Amid the terror of war, we believe that the power of technology can offer real hope, and help change shattered lives for the better. For this reason, One Family is harnessing and exploring digital tools and technology such as mobile, drones, robotics, 3D printing, cloud-computing, and blockchain to assist Syrians with frontline lifesaving emergency care.

Syrian lives matter. The power of technology can save and rebuid lives.

One Family is working across industries to leverage existing technology and co-develop new initiatives to support refugees.

We are working with frontline, grassroots organisations and supporting them to leverage simple as well as breakthrough technology to save lives and help people to have better lives in the long term.

Our current four areas of focus are:

1. Life-saving medical care
2. Providing prosthetic limbs
3. Saving lives at seas
4. Rescuing people from underneath rubble

Although the long-term solution to the struggles of the Syrian people can only be achieved by lasting peace, we believe that together, we can alleviate the terrible human suffering seen over the past seven years and that technology can help create and accelerate positive change. 

Please join us, and help show victims of conflict we will not abandon them.

Always stronger together, we are One Family.


Syrian Sisters Gain a Chance at Life


When Lilas and Lilian were born prematurely one month early they were fighting for their lives.
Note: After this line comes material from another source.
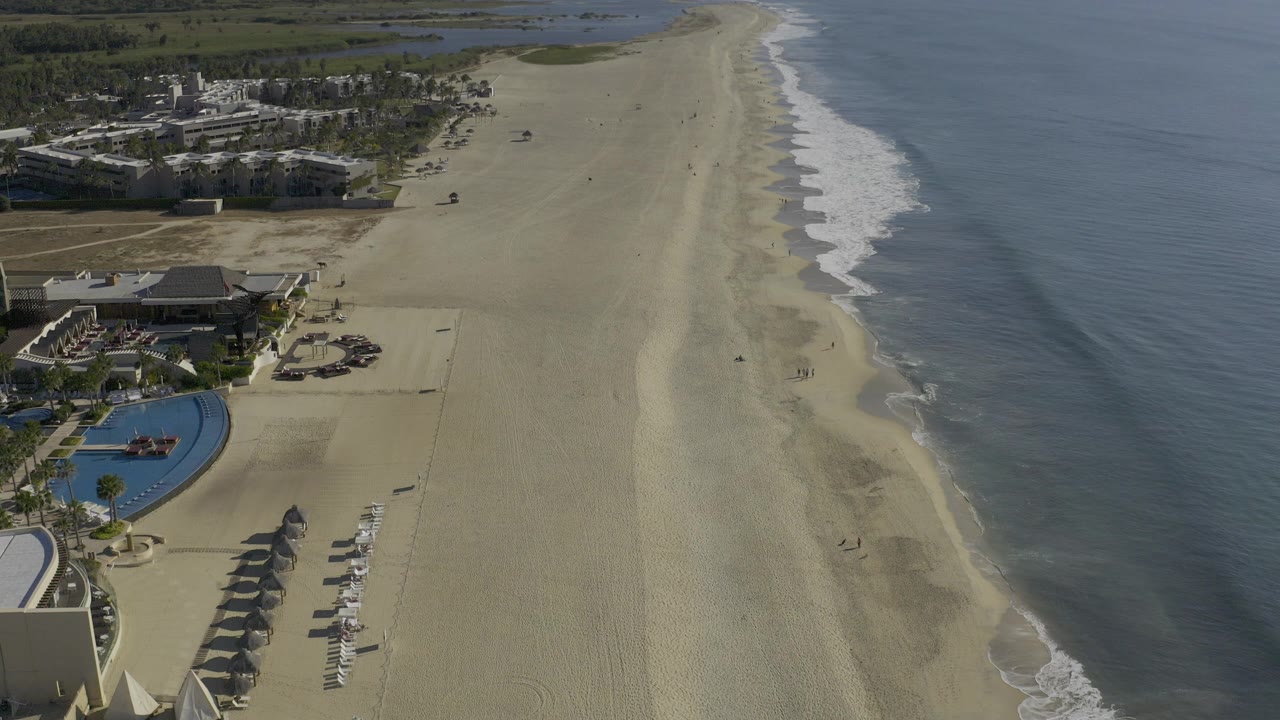Aerial frame over Baja California Sur, Mexico, showing a long sandy beach, calm blue ocean, low resort buildings, pool areas, inland wetlands, and tiny people on the sand.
The sisters were immediately rushed to Hope Hospital for children which is run by our partners the Independent Doctors Association (IDA) in northern Syria. IDA’s medical team had to act fast and lab tests soon confirmed the twins were suffering from respiratory distress syndrome, a condition which occurs when a baby’s lungs aren’t fully developed, and therefore can’t provide enough oxygen.

Lilas and Lilian were admitted to the special care baby unit at Hope Hospital, where it was touch-and-go for a while. IDA’s dedicated medical team provided around-the-clock care (as well as phototherapy which is used to treat jaundice). Thankfully the twins’ little lungs started to get stronger, and after a week the girls were able to go home.

Fast forward five months and while out on his rounds in the local community Head Dr. Hatem confirmed the girls are healthy and thriving. “Born at 34 weeks Lilas and Lilian were struggling for their lives…now they are healthy and safe in their mother’s arms” he explained.

Meet Rayyan  

Rayyan was just 10 years old when she lost both her legs during her journey across Syria to Turkey. 

Meet Mohamed Al-Khamis 

6 year old, Mohamed and his father were out collecting firewood when suddenly he was struck between a cross fire and shot in the leg. 

Mohamed recalls the moment his life changed  " I felt something on my leg and I screamed dad my leg, help me. My dad ran towards me and picked me up, the next thing I remember I was in hospital and my leg was gone".

With the help of the the National Syrian Project for Prosthetic limbs, Mohamed recieved the therapy and rehabilitation he needed to help him return back to normal life and give him a chance to fufil his love for football once again.